We had a very nice stop this morning at one of the 40 new schools that have just received grants from the Laura Bush Foundation across the Gulf Coast -- one school from Texas, Port Arthur, Texas, and one from Pensacola, Florida. All the rest of the schools are Mississippi and Louisiana schools that lost most of their libraries in the hurricanes and are now ready to restock their libraries. These schools have rebuilt and are ready to add to their libraries. And that's really fun and moving for me to have the chance to meet with these school people from all up and down the Gulf Coast who have worked so hard to rebuild their schools, to make sure their students can come back and move back here and have a school to go to when they come back.

And then from here, we're going to go on to the Louisiana Children's Museum. They've developed a special program with advice from counselors on ways children can be counseled or be helped through the trauma that they suffered because of the hurricanes, by doing different activities at the museum. They have play acting and journal writing and a lot of ways that children can work through the trauma of the hurricanes, and families can also work together to heal after the hurricanes.

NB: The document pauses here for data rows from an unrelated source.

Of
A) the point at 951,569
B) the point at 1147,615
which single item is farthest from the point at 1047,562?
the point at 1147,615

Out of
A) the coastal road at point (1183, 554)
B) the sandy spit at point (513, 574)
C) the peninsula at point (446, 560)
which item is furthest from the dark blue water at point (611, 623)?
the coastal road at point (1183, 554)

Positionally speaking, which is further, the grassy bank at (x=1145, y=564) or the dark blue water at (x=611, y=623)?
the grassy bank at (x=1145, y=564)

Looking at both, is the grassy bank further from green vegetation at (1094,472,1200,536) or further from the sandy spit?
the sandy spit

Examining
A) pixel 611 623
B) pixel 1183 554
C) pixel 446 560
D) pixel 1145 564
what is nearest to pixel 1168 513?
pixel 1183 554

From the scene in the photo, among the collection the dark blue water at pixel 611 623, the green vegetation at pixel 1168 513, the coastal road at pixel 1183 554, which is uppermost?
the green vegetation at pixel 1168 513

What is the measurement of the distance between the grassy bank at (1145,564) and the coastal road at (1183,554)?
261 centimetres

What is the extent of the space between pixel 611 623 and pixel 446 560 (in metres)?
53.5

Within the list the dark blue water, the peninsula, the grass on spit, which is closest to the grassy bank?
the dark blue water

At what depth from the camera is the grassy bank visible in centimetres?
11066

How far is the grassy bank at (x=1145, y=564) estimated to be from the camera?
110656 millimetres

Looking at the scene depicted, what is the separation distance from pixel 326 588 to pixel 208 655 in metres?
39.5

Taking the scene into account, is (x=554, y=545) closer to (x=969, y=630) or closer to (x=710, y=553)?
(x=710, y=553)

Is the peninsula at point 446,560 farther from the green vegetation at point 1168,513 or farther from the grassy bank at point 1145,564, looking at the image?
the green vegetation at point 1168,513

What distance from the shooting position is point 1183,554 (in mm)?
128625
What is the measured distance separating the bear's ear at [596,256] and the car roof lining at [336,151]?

So I want to encourage people in the New Orleans area, if your children -- if you think your children might need some help, this would be a good place to spend a Saturday afternoon with them, to draw the pictures and talk about and write the stories about what happened to them in a way to try to come to terms with what happened with the hurricane and then to put it behind them and move on.

Every time I come, I'm encouraged. Every time I come, more debris is gone, more construction is started. Certainly the schools are a very, very good example of the rebuilding here in Louisiana and all the way across the Gulf Coast. I want to encourage and I hope that the state will continue to work with the CDBG grants so that more people can make the determination of what they're going to do with their houses, whether or not they're going to rebuild or redo -- restore their houses.

So I just want to say once again that I'm really happy to have the chance to spend today here. And I want to encourage people -- I know how wearying it is. It's a long time, it takes a long time to rebuild. And I know, as people drive up and down the streets, if you're here all the time, you don't see what I see; when I only come every once in a while, I can see real steps of recovery. And I'm encouraged by that, but I also want to try to encourage people to keep working.

And it's going to take a long time, but it will happen, and New Orleans will be rebuilt, and people that want to come back will be able to come back. So thank you all, and God bless you all. (Applause.)